Marcelia Cartaxo interpreta Macabéa de forma sublime. Alguém que foi privada de emoções, afetos e experiências por 19 anos. Assim, sua caracterização poderia se desdobrar num retrato caricato de uma pessoa descobrindo pela primeira vez certos prazeres da vida, como a alegria de tirar um dia de folga apenas para ficar em casa e o prazer sexual da autodescoberta. Uma fonte de piada muito utilizada para representar a inadequação de uma pessoa na cidade grande. Marcelia nos apresenta de forma natural e orgânica os entusiasmos de sua personagem, como as descobertas de uma criança. Ou seja, sinceras e profundas.

Macabéa aproveita seu dia de folga – imagem de divulgação.

Isso é notável, especialmente, na relação de Macabéa com o rádio-relógio. Quase como se fosse seu melhor amigo, o programa do rádio-relógio lhe enche de informações inúteis mas que são super interessantes e que lhe rendem assunto para conversar com Olímpico (José Dumont), outro imigrante nordestino que ela esbarra e acaba se tornando seu namorado e com Glória (Tamara Taxman), sua colega de trabalho. A forma como ela se empolga para contar o que ouviu toda noite é tocante.

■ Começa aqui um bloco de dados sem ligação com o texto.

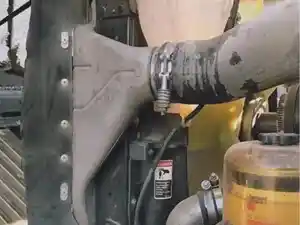 Photo of part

Macabéa passeia no parque com Olímpico – imagem de divulgação.

Ataque à inocência

Mas como na vida real, o filme mostra como a sociedade mutila a inocência sem dó nem piedade. Afinal, Macabéa não percebe, muitas vezes, a maldade que lhe espera ou que realizam contra ela. Pois, Macabéa viveu destituída de experiências de vida, o que dificulta com que ela entenda e perceba as reais intenções das pessoas com ela.

Quando ela é rejeitada, ela sente a tristeza do abandono, mas não consegue expressar em palavras. No entanto, ela apenas pede aspirina para tentar sanar a dor que ela não sabe de onde vem. Afinal, ela apenas sabe que essa dor está lá. Dentro dela.

Macabéa e a cartomante (Fernanda Montenegro) – imagem de divulgação.

Onde assistir “A hora da estrela”

Macabéa vive e morre no anonimato. Mas sua jornada no mundo foi tão meteórica quanto uma estrela cadente. Seu brilho só recebe atenção quando ocorre seu fim trágico. Como as estrelas que vemos brilhar no céu, mas que provavelmente já morreram há milhares de anos.

Por fim, o filme está sendo lançado dentro do programa Sessão Vitrine Petrobrás, que promove sessões com preços mais acessíveis e também debates com realizadores e oficinas. É uma ótima chance para ver ou rever esse clássico do cinema brasileiro que arrebatou diversos prêmios como no Festival de Brasília de Berlin. Consulte a rede de cinemas de sua cidade para encontrar sessões disponíveis para “A hora da estrela”.